In our church we have a spot in our Sunday morning services where we invite children who have had a birthday that week to come to the front to receive a small gift. 'When was your birthday' said the pastor to young William. 'On Friday' he replied. 'And how old are you?'  'Four and a half', replied William!

Very interesting that reply, isn't it? On Friday he was four. But now he is more than four. Hence the 'four and a half'!

When we teach children simple fractions, like halves and quarters, we tend to major on the idea of a fraction as one or more equal portions of a whole unit. So we use images like a pizza or a rectangle cut up into a number of equal parts.

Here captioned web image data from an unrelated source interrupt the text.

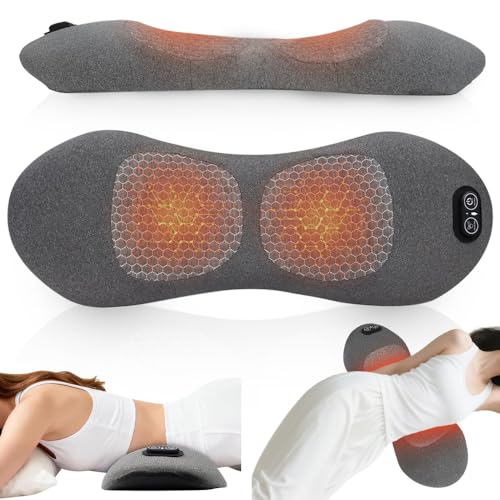BIZOI 3 In 1 RüCkenmassagegeräT Rückenmassagegeräte mit Wärme Vibration & Dehnung Ergonomische Rückenstütze Rückenmassagegerät mit intelligentem Steuerschalter für Unteren Rücken Nacken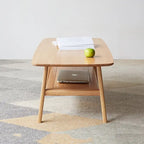 Mesa de centro de madera maciza de roble con estante de almacenamiento, 2-4 personas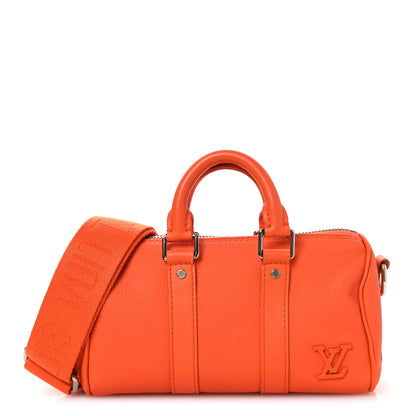 Louis Vuitton Grained Calfskin Aerogram Keepall XS Orange 1 of 13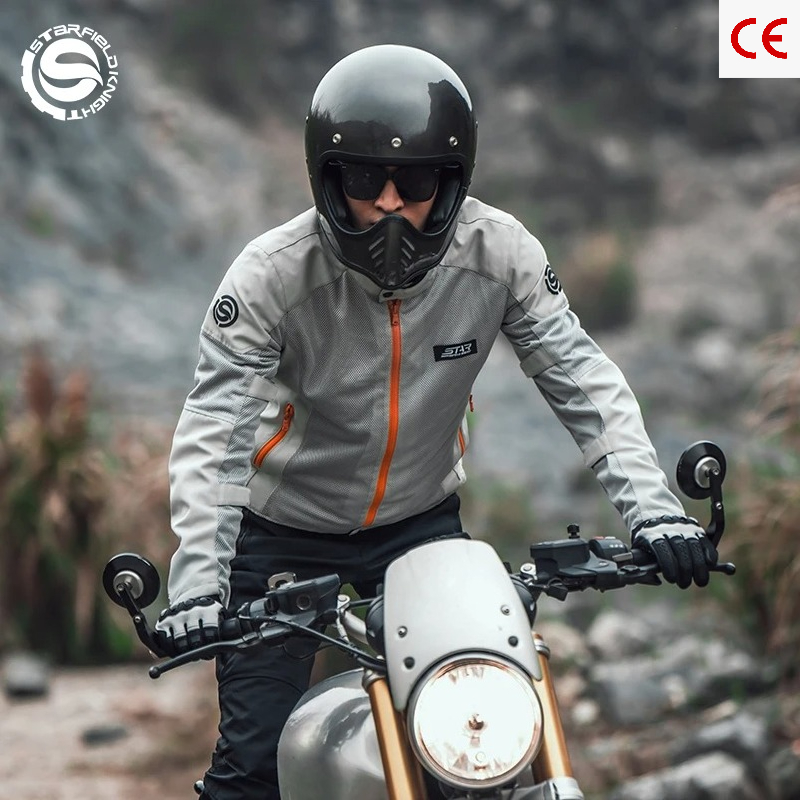 Summer Knights Clothing - スターフィールドナイト 春夏 メッシュ通気性 メンズライディングウェア バイクジャケット CE規格プロテクター付属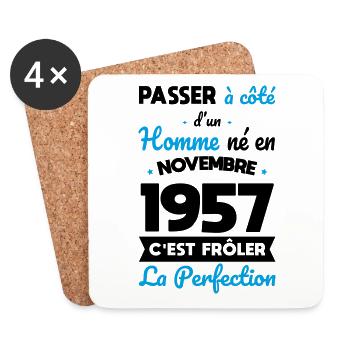 Anniversaire 65 ans - Né en Novembre 1957 - Dessous de verre (lot de 4) - blanc - Devant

But William's response reminds us that children's early experience of fractions also includes the idea of a fraction describing a point on a number line, a point 'lying between' one integer and the next. So 'four and a half' means a point on a time line 'somewhere between four and five'.

I suggest that we would do well to make much more of representing fractions as points on number lines, especially if we are teaching children about mixed numbers.

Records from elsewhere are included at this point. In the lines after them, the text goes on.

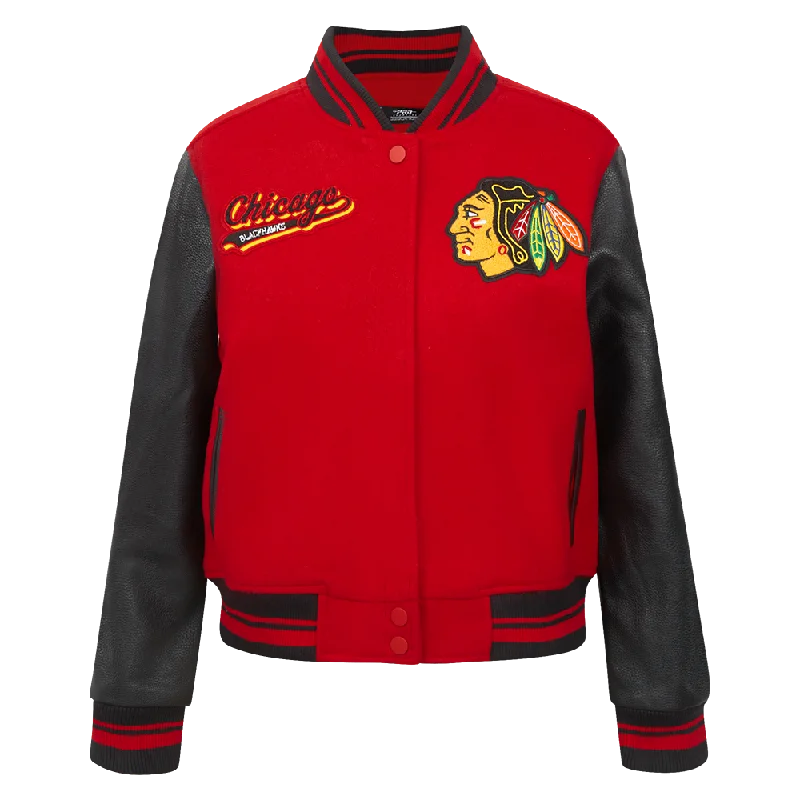 Tasseled JacketsNHL CHICAGO BLACKHAWKS SCRIPT TAIL WOMEN'S WOOL VARSITY JACKET (RED/BLACK)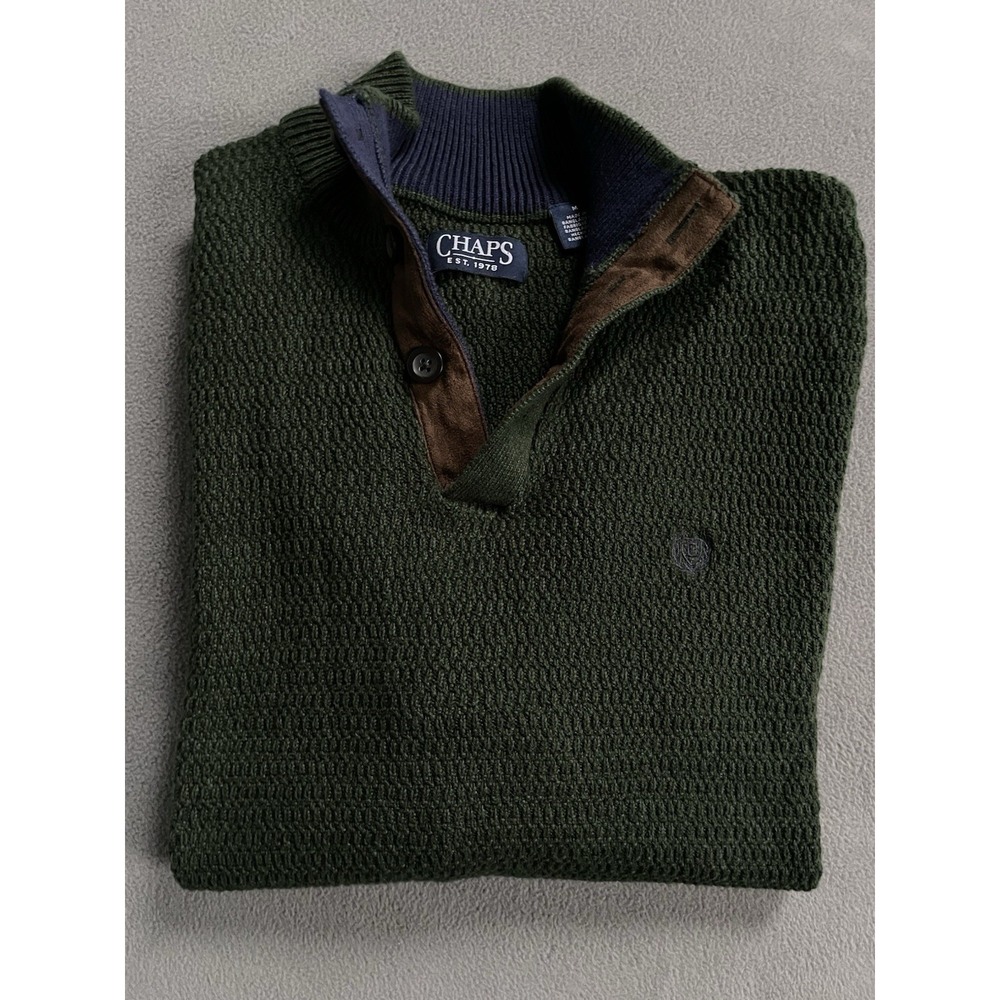M Chaps 1/4 Button Placket Sweater 100% Cotton Mens Sz Sueded Elbow Patch Ribbed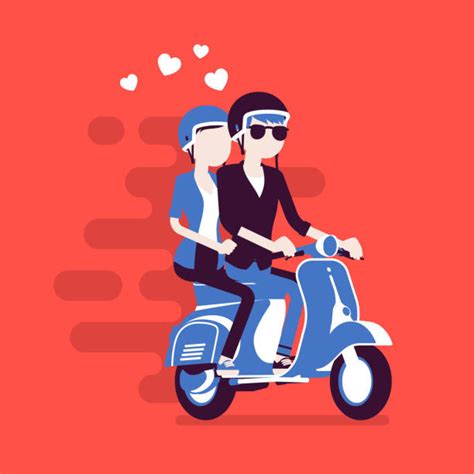 Motorcycle Couple Illustrations Royalty Free Vector Graphics And Clip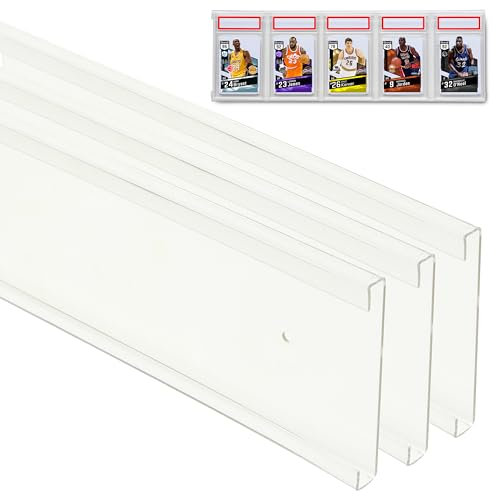 Tapeera Acrylic Graded Card Rack - Display 15 Wall Mount Sports Cards (Baseball, Basketball, Football) - Compatible with PSA, CGC, BGS Slabs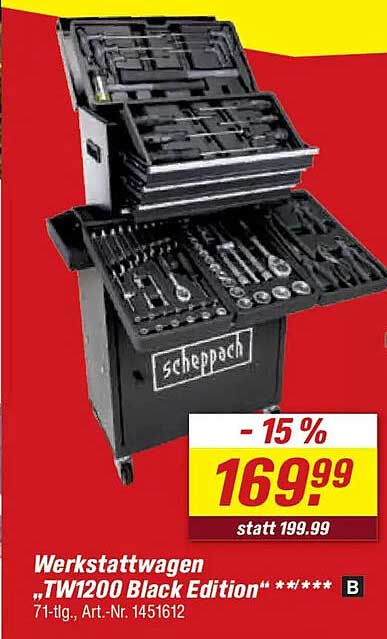 Werkstattwagen „TW1200 Black Edition“ **/*** B 71-tlg., Art.-Nr. 1451612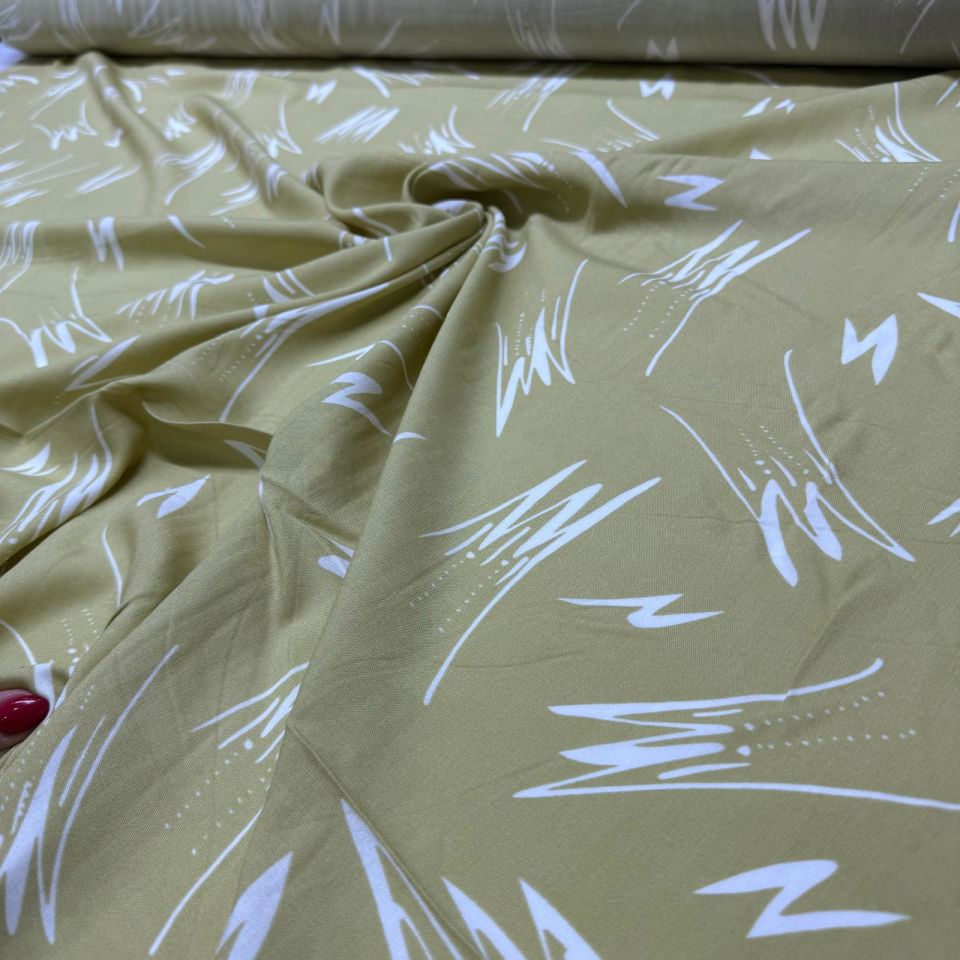 İthal Viskon Kumaş %100 Pamuk Çift En Limon Yeşili Desenli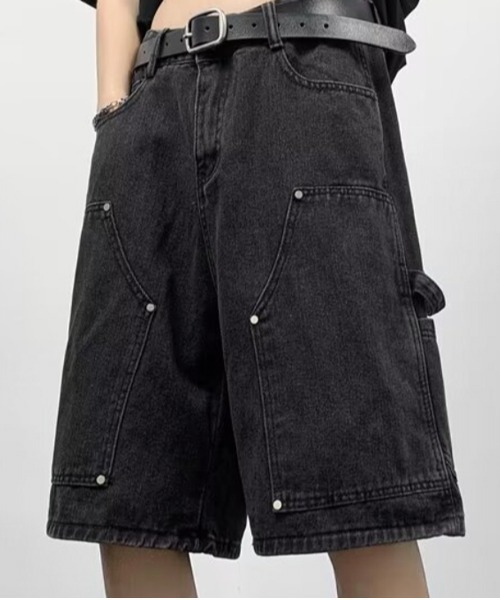 NOWLE(ノウル)の「【NOWLE】スタッズ デザイン デニム ハーフパンツ(デニムパンツ・メンズ・ブルー/ブラック・LARGE/MEDIUM/SMALL)」の5枚目の写真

Thanks, William. And happy four and halfth birthday!


Thursday, 5 March 2015

Yet another error in new Mathematics Primary Curriculum: 'irregular'

Call me pedantic if you wish, but I do think that mathematical terms used in the Mathematics National Curriculum should be used correctly. The misuse of the word 'irregular' is my latest find. This occurs in the measurement section of the Year 5 Mathematics Curriculum programme of study:

'Calculate and compare the area of rectangles (including squares) ... and estimate the area of irregular shapes.'

This statement seems to imply that a non-square rectangle is a 'regular' shape. The word 'irregular' is used here for two-dimensional shapes where you cannot calculate the area exactly using a formula, such as the outline of an island or that of a fried egg. These are irregular, but so are all rectangles that are not squares, all triangles that are not equilateral, and so on.

So, let's tidy this up. A regular two-dimensional shape is one where all the sides are equal in length and all the internal angles are equal. So, the only quadrilaterals that are regular are squares. All others are irregular, including non-square rectangles.

All these shapes, for example, are irregular polygons:



The National Curriculum needs another way of describing the other kinds of 2-D shapes that it has in mind for which Year 5 children should learn to estimate the area. I usually call them non-standard shapes or non-geometric shapes.